Tender Blood Sport' celebrates four years of Atlanta's popular reading series

"To best enjoy this book we recommend pouring a nice stiff drink ... Sit somewhere dark and maybe just three degrees warmer than is entirely comfortable." The introduction by Nick Tecosky and Myke Johns wrote for Tender Bloodsport Vol. 1 sets a volatile tone for the stories that follow — but then again, what else would Atlanta expect from Write Club Atlanta (WCA).

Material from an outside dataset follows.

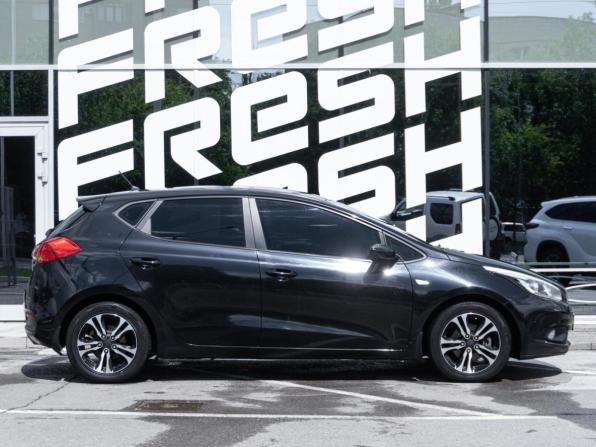 Kia Ceed II с пробегом 2013 года, цена 1 145 000 рублей, 128409 км, хэтчбек, Автокод Объявления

In the four years since its inception, WCA has amassed 128 podcast episodes and 45 live performances in the name of literary combat. With the release of Tender Bloodsport, Johns, Tecosky, and editor of Deer Bear Wolf Press, Matt DeBenedictis sought to extol the work of the 200-plus contributions that have been read from the WCA stage. The collection is a selection of 25 pieces, including works by Kate Sweeney ("On These Cave Walls"), Topher Payne ("Ghost Baby"), Johnny Drago ("When Its Waves Rise, You Still Them"), Regina Bradley ("Baby"), and CL contributor Brooke Hatfield ("Answer"). "There's so much good work that didn't make it into this one — we'd like to keep these coming in the future," Tecosky says.

Tapering down so much content certainly came with a host of challenges, one that the dynamic duo behind the show got a guiding hand from with Deer Bear Wolf's DeBenedictis. "Building a collection of so many varied voices and styles is kind of about creating a narrative out of how the words move within the imagination and the themes that develop," DeBenedictis says.

To the uninitiated, WCA is a monthly reading series that gives two writers opposing topics and pits them against one another on stage. Each writer gets seven minutes for their bout, with the goal to get the most applause from the audience. A portion of the evening's door money is donated to the charity of winning scribe's choice. In their words, "Write Club Atlanta is a reading series the same way a Sex Pistols gig was a music recital."

Four years have changed a lot about the way that the show's performers approach conflict. "The first few months we existed, this was very much a debate show," Tecosky says. "Over time, our writers started tinkering with the format, writing fiction, poetry, and personal essay."

Johns agrees. "It did not take long for our thoroughly Southern storytellers and weirdos to make the show their own," he says.

Now, after a summer-long hiatus, (WCA) will triumphantly return to the stage with the fruits of their labors. The book will be released at the Decatur Book Festival, with readings from Payne, Theresa Davis, Hatfield, and Gina Rickicki.

"They're all going head to head in the Write Club battle format," DeBenedictis says, "only it won't be opposing topics — everyone is reading their piece from Tender Bloodsport." This go-round, we'd say everyone's winning.